> [DATASET SECTION]

# # #

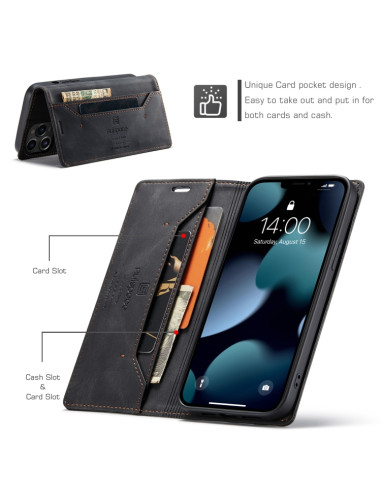 Cover iPhone 13 Pro PU Leather Flip Nero | Melacompro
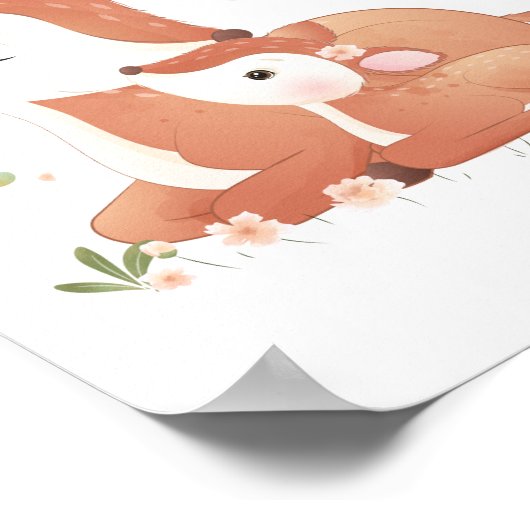 Woodland Deer Doe and Baby Fawn My Gigi Loves me Poster (Hoek)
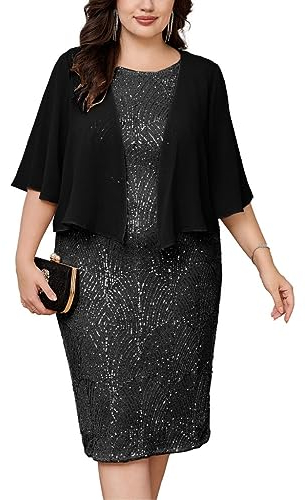 Hanna Nikole Damen Große Größen Pailletten Abendkleid Glitzer Ärmelloses Zwei Stück Kleid Für Mollige Frauen Schwarz 50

# # #

> [TASK ITEM] Retype all the data exactly; skip the pictures.

> [ANSWER SPACE]
 Cover iPhone 13 Pro PU Leather Flip Nero | Melacompro
 Woodland Deer Doe and Baby Fawn My Gigi Loves me Poster (Hoek)
 Hanna Nikole Damen Große Größen Pailletten Abendkleid Glitzer Ärmelloses Zwei Stück Kleid Für Mollige Frauen Schwarz 50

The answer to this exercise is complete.